Thursday, August 9, 2007

Multiple SSIS environments on the same server

Got Dev and Test (and even Prod) environments on the same box? Want to avoid hacking the package xml when promoting SSIS solutions? There are a couple of configuration options:

1. XML configuration file

The key here is to use a relative path. The wizard guides you to click the Browse button and specify an absolute reference e.g. c:\ssisdev\config.dtsconfig. Instead, just type in config.dtsconfig. SSIS will look for the config file in the package location.

Depending on how you structure your solution, you don't necessarily want your config files in the same location as the packages that use them. I suggest you give up on this now and accept all config files will have to be in the same location as the packages that use them.

This is because longer relative paths such as ..\config.dtsconfig don't work (this particular example saves the config file to C:\Program Files\Microsoft Visual Studio 8\Common7 !!!)

2. SQL Server

This is a two phase approach. Firstly, set up a SQL Server configuration table. As part of this process you will reference or create a database connection. Then (and this is the cunning bit) create an XML config file with a relative path (as per option #1) that contains the connection string for the connection.
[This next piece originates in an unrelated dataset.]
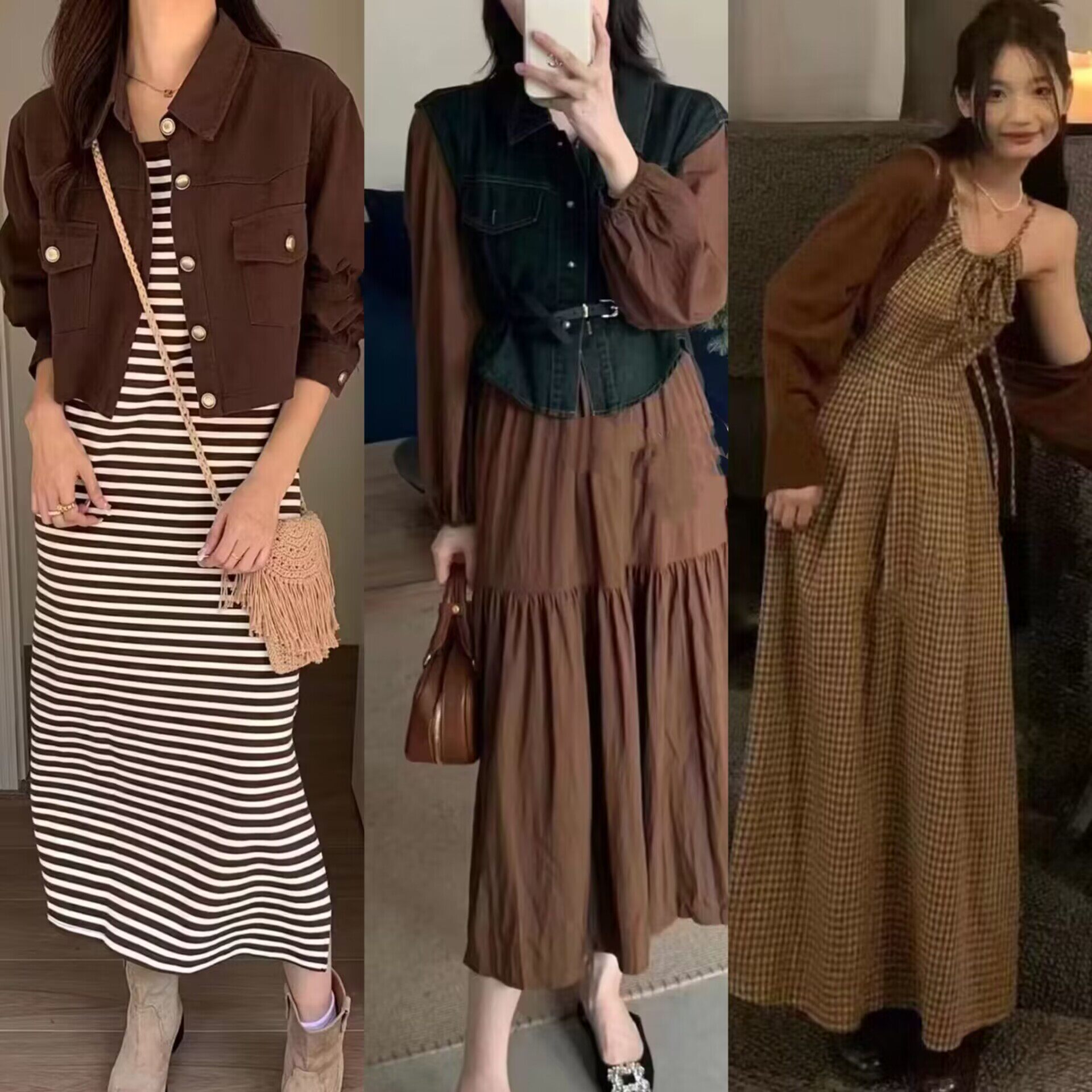 2开头【咖色黄色系列】法式高级连衣裙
You can then specify different configuration table locations in the xml config files.

This option also uses xml config files and is hampered by the same difficulties as option #1. You will need a separate config file for every package location, and you will need to maintain these config files individually. You could design to ensure your config files are all identical and write a script to copy them as part of the build; whether this is worth the effort depends on your solution.

2 comments:

Ram said...

so i cant have multiple environments in the same server using environmental variables alone as my initial connection?

oscil8er said...

Sorry, but I've never found a way to achieve this.